[Thanks much to Robby for this, in response to my post.]
May I venture some thoughts on the questions you posed about judging positions without judging persons holding the positions? You ask:
Can
we disagree with one another, sometimes fundamentally about important
issues (the morality of same-sex unions, e.g., or the prudence of using
the criminal law in this society at this time, to deal with the moral
tragedy of abortion), without our "judging" one another--judging the
position, yes, but not one another? Should we even aspire to do so?

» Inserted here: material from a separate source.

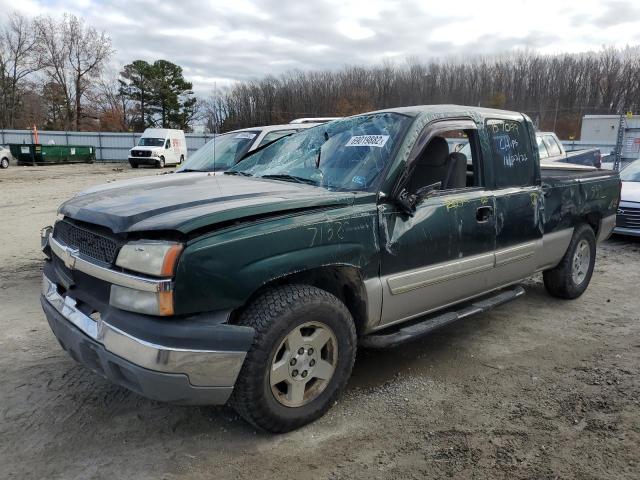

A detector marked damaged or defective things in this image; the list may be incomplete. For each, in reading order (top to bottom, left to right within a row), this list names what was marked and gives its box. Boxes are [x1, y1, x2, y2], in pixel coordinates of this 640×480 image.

damaged windshield [228, 112, 412, 191]
cracked windshield [228, 113, 412, 192]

The answers, I think, are "yes" and "yes." "Yes" we can; and "yes" we should.
On
the question whether we should aspire to avoid judging others, we have
an express teaching from the highest of all authorities. Jesus's
command that we "judge not" (lest we ourselves be judged) is recorded
in St. Matthew's Gospel. On the question whether it is possible to
fulfill the command, it seems to me that Jesus would not give us a
command if it is impossible (even with God's grace) to comply with it.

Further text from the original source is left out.